Aim of the task: The whole listing, apart from its images, should be restated word for word.

Data block:
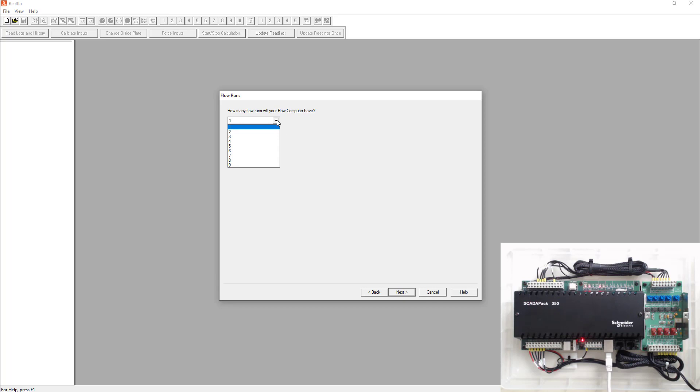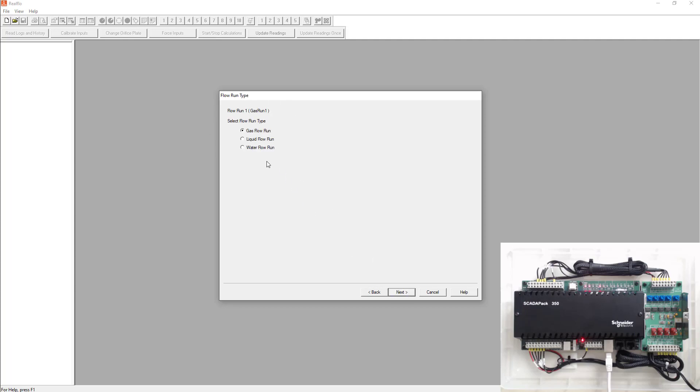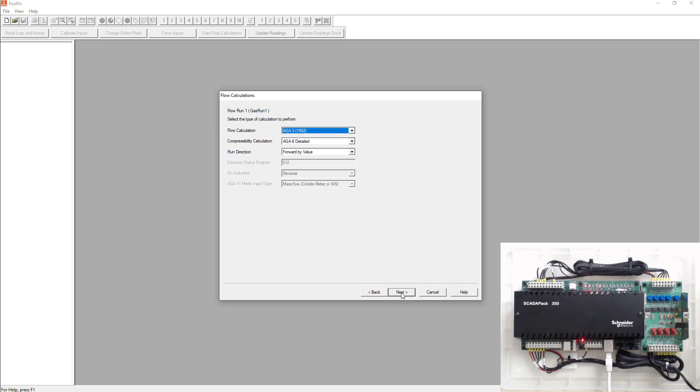Next is you're going to ask you how many flow runs you can have. You could have up to nine flow runs. You could have three gas, three liquid and three water runs in this. Initially we're just going to set up one run to start. So we're going to pick one and go next. It's going to ask you what you want to call that one run. So we'll call this gas run one. We can ask you what type of flow run it is. We're going to simulate a gas run.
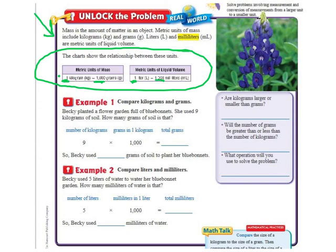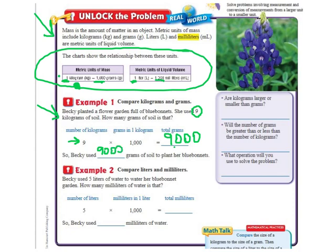For example, in Example 1: Becky planted a flower garden full of blue bonnets. She used 9 kilograms — so we're over here on this chart. How many grams is that? The number in front of kilograms is 9, so I'm just going to take 9 and multiply it by 1,000, which gives me 9,000. So Becky used 9,000 grams of soil to plant her blue bonnets.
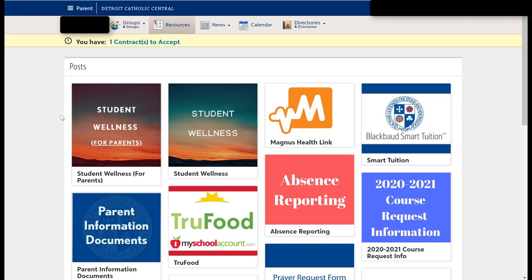So please look for that. That should be available on Friday, March 20th, for you to go in and check out any of that type of information.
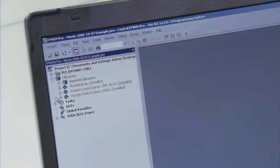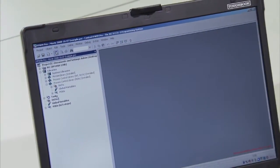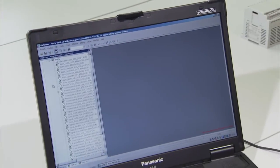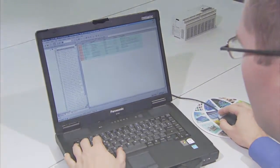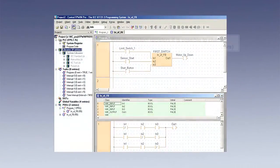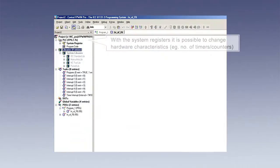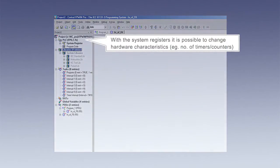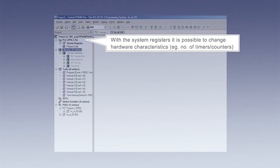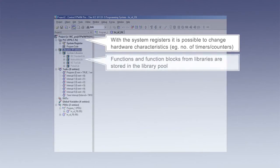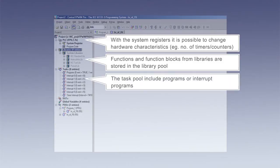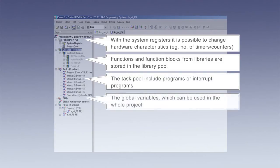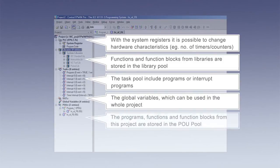The navigator in FP WinPro simplifies operation and provides an overview of all features and functions. Use system registers to change hardware characteristics, for example, number of timers or counters. Libraries, functions and function blocks are stored in the library pool. The task pool includes programs or interrupt programs. Global variables can be used in the whole project. The project programs, functions and function blocks are stored in the POU pool.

The answer:
Next is you're going to ask you how many flow runs you can have. You could have up to nine flow runs. You could have three gas, three liquid and three water runs in this. Initially we're just going to set up one run to start. So we're going to pick one and go next. It's going to ask you what you want to call that one run. So we'll call this gas run one. We can ask you what type of flow run it is. We're going to simulate a gas run.
For example, in Example 1: Becky planted a flower garden full of blue bonnets. She used 9 kilograms — so we're over here on this chart. How many grams is that? The number in front of kilograms is 9, so I'm just going to take 9 and multiply it by 1,000, which gives me 9,000. So Becky used 9,000 grams of soil to plant her blue bonnets.
So please look for that. That should be available on Friday, March 20th, for you to go in and check out any of that type of information.
The navigator in FP WinPro simplifies operation and provides an overview of all features and functions. Use system registers to change hardware characteristics, for example, number of timers or counters. Libraries, functions and function blocks are stored in the library pool. The task pool includes programs or interrupt programs. Global variables can be used in the whole project. The project programs, functions and function blocks are stored in the POU pool.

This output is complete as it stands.